Recording cause of death as unascertained natural causes in certain circumstances

The Bill clarifies that coroners can record a cause of death as unascertained natural causes if the coroner considers that the death is from natural causes and no further investigation is required under the principal Act.

This will enable families and whānau to receive a coroner’s findings sooner, particularly when this is undertaken at the duty coroner stage.

Enabling coroners to hold coronial inquiry solely in chambers, where appropriate

The Bill provides coroners with the sole discretion to decide whether a coronial inquiry should also include an inquest.
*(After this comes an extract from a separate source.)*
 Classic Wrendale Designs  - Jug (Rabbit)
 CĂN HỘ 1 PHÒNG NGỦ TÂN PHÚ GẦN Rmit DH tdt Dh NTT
This will prevent inquests from taking place where, having regard to the statutory criteria in the principal Act, the coroner considers a hearing in chambers is appropriate and an inquest is not needed.

In making this determination, coroners will continue to be required to––

  • notify interested parties that the coroner intends to hold a hearing solely in chambers; and
  • provide interested parties with a reasonable period of time to make their views known to the coroner; and
    • consider the views of interested parties.

Coroners will also be required to be satisfied that, in taking the steps above, an inquest is not necessary, and the hearing may be held on the papers.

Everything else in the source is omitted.